Carta aberta do jornalista e escritor Leonardo Aguiar Morelli, Secretário Geral da Defensoria Social (Brasil) e Social Defenders Foundation (Suíça) a Serge Goulart, da Esquerda Marxista do PT.
Caro Serge,
A luta pelo socialismo passa pela apropriação da questão ambiental, por isso, todo nosso apoio à Chapa “Virar à Esquerda! Reatar com o Socialismo!” para o PED 2009.
Na qualidade de Secretário Geral da DEFENSORIA SOCIAL, que é um colegiado de instituições e personalidades que atua em todo o país na defesa da sociedade em demandas coletivas, promovendo a JUSTIÇA SOCIAL ATIVA, como fruto das Campanhas da Fraternidade de 2004 a 2009 com apoio da CNBB, Universidade Federal do Rio de Janeiro, Movimento GRITO DAS ÁGUAS, Comissão Pastoral da Terra, entre outras (vide www.defensoria.org.br) e também da SOCIAL DEFENDERS FOUNDATION, entidade integrada por movimentos sociais de mais de 30 países com a missão de promover a DIPLOMACIA NÃO GOVERNAMENTAL, com sede em Genebra na Suiça, fruto do processo de Fórum Social Mundial, MANIFESTO meu total apoio à chapa “Virar à Esquerda!
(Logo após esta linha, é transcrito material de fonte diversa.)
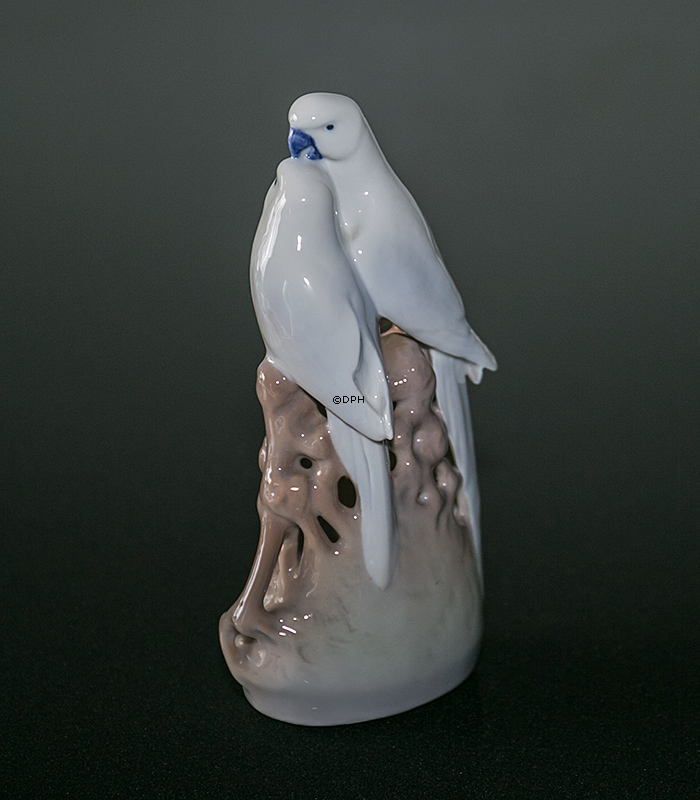Papegøjer, Royal Copenhagen fugle figur nr. 649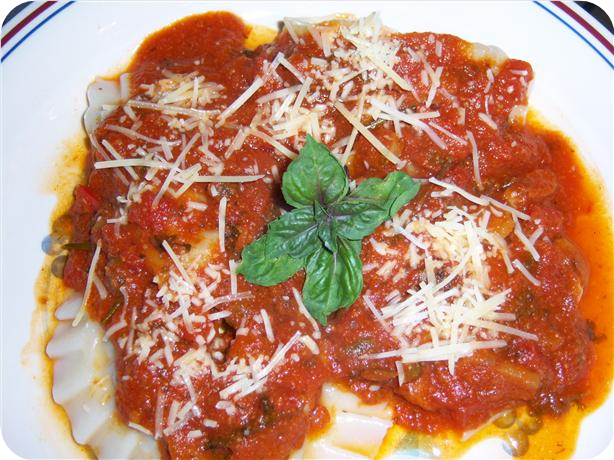 Ravioli With Meat Filling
Reatar com o Socialismo!” representando a ESQUERDA MARXISTA DO PT no PED 2009, pelas razões a seguir expostas:
1. Ao receber, através do companheiro Carlos Castro, vinculado ao Mandato do Vereador Adilson Mariano de Joinville, o material informativo da Chapa “Virar à esquerda! Reatar com o socialismo!”, que concorre no próximo PED, em respeito à coerência da história e militância desses dois amigos, tive o cuidado de ler suas teses e senti soprar novamente um ar de esperança de que é possível o resgate dos ideais que levaram milhares de militantes das causas sociais, como eu, à construção do PT como um partido socialista a serviço das causas históricas dos trabalhadores e dos excluídos.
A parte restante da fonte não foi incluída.